------ Information given

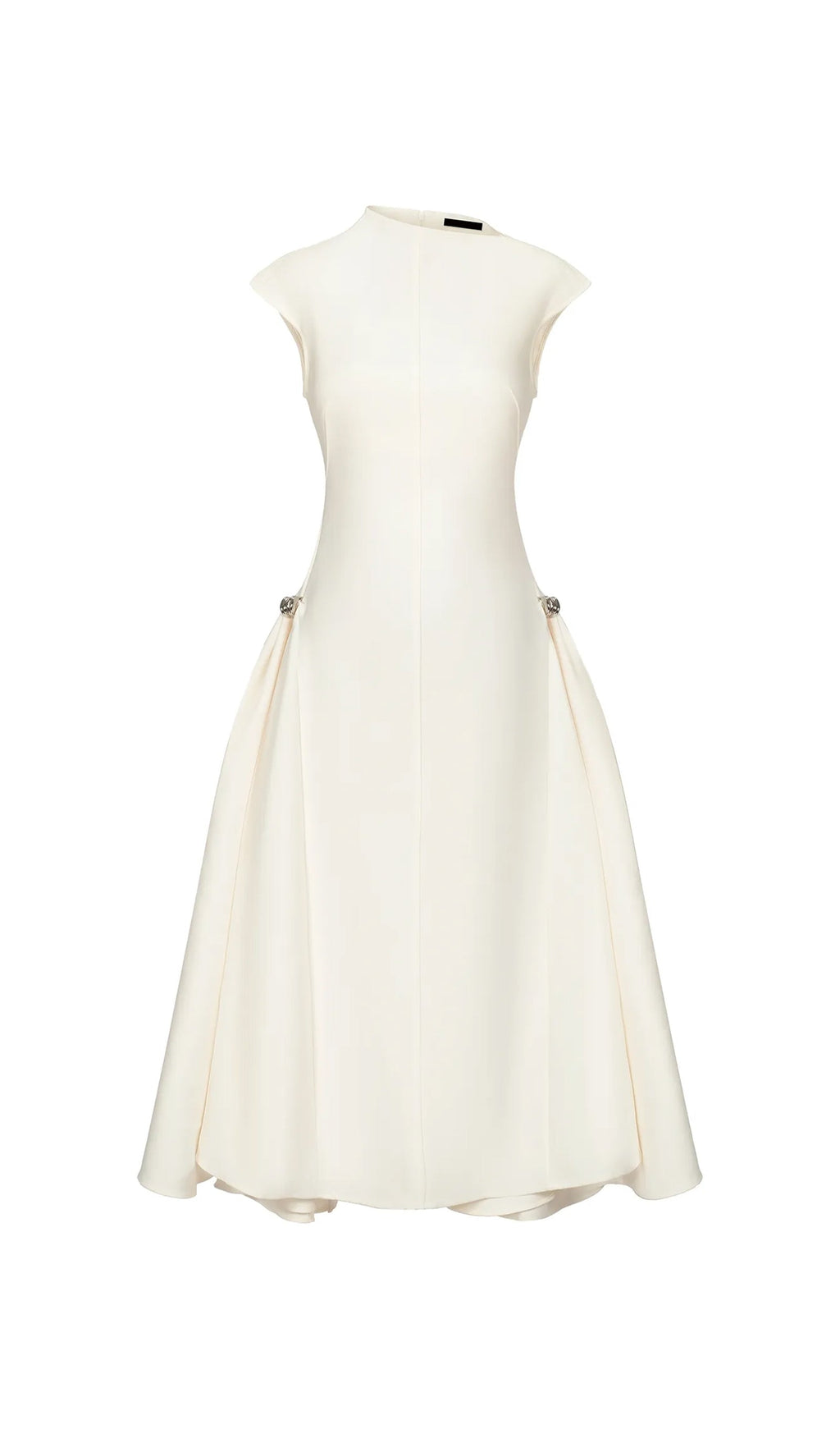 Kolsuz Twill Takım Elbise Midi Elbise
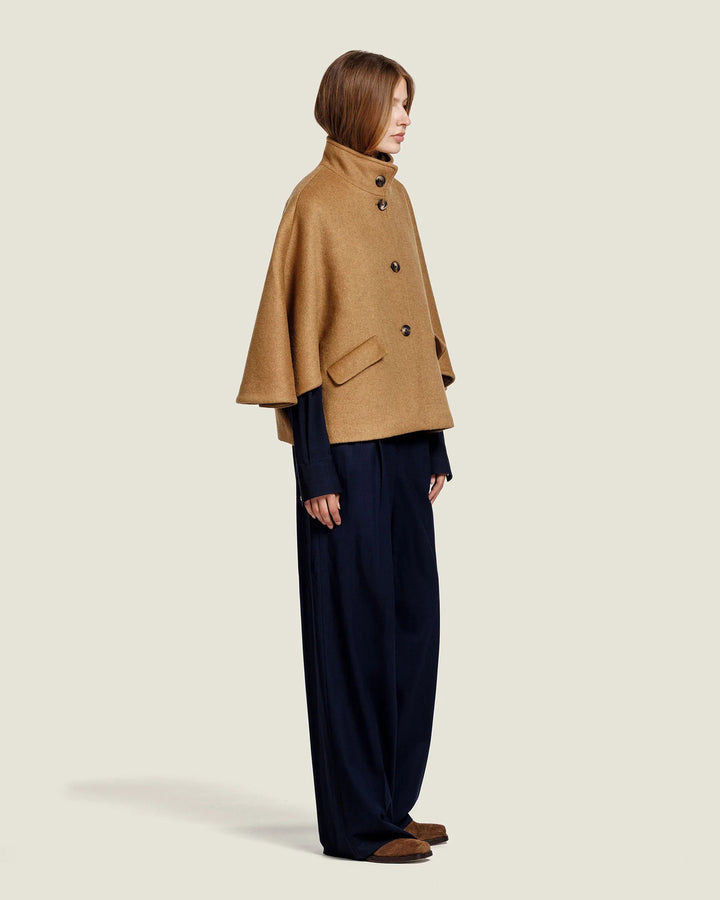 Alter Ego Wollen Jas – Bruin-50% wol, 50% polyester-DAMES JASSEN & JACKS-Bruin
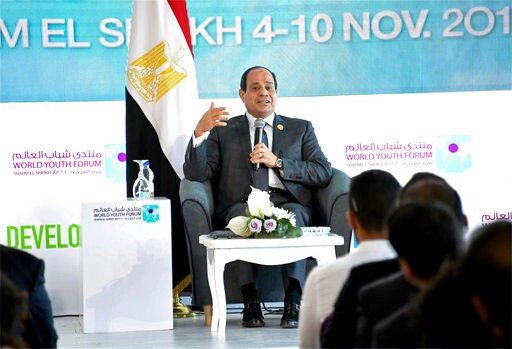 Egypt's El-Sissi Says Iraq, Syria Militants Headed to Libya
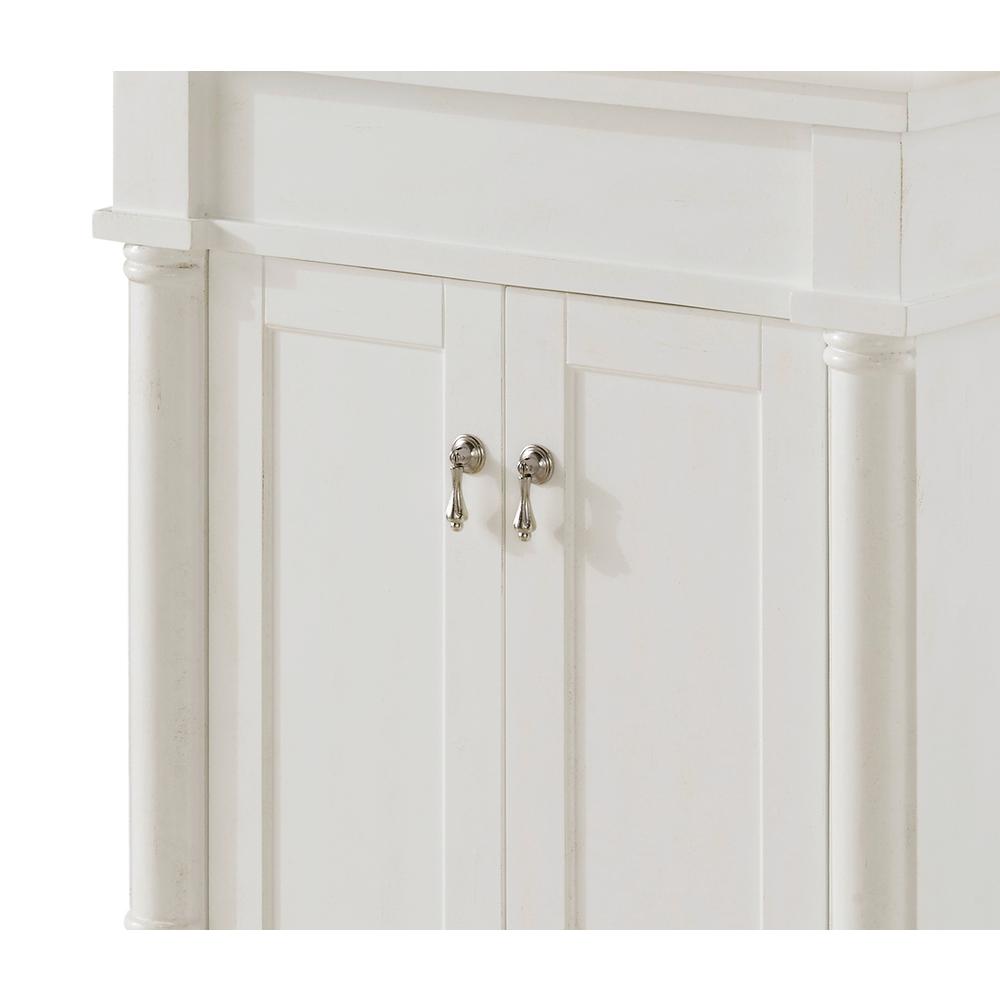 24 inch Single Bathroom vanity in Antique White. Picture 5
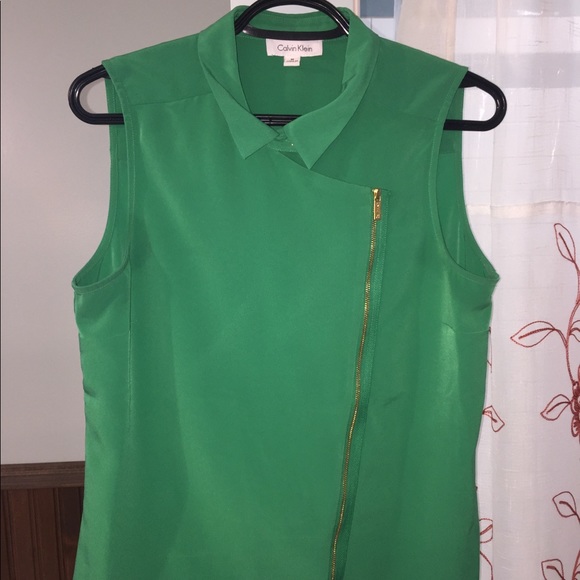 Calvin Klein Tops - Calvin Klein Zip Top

------------
------ Information given

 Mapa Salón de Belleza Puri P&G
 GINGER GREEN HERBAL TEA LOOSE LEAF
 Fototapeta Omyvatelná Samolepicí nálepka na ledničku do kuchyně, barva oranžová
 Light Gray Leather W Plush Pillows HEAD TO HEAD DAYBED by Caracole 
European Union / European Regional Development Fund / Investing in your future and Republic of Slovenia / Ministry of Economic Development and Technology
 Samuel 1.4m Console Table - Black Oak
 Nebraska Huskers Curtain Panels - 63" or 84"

------------

=== Exercise aim ===
The lines above, starting at the one with "GINGER GREEN HERBAL TEA LOOSE LEAF" and ending at the one with "Nebraska Huskers Curtain", are the only ones to return, exactly as written.

=== Finished task ===
 GINGER GREEN HERBAL TEA LOOSE LEAF
 Fototapeta Omyvatelná Samolepicí nálepka na ledničku do kuchyně, barva oranžová
 Light Gray Leather W Plush Pillows HEAD TO HEAD DAYBED by Caracole 
European Union / European Regional Development Fund / Investing in your future and Republic of Slovenia / Ministry of Economic Development and Technology
 Samuel 1.4m Console Table - Black Oak
 Nebraska Huskers Curtain Panels - 63" or 84"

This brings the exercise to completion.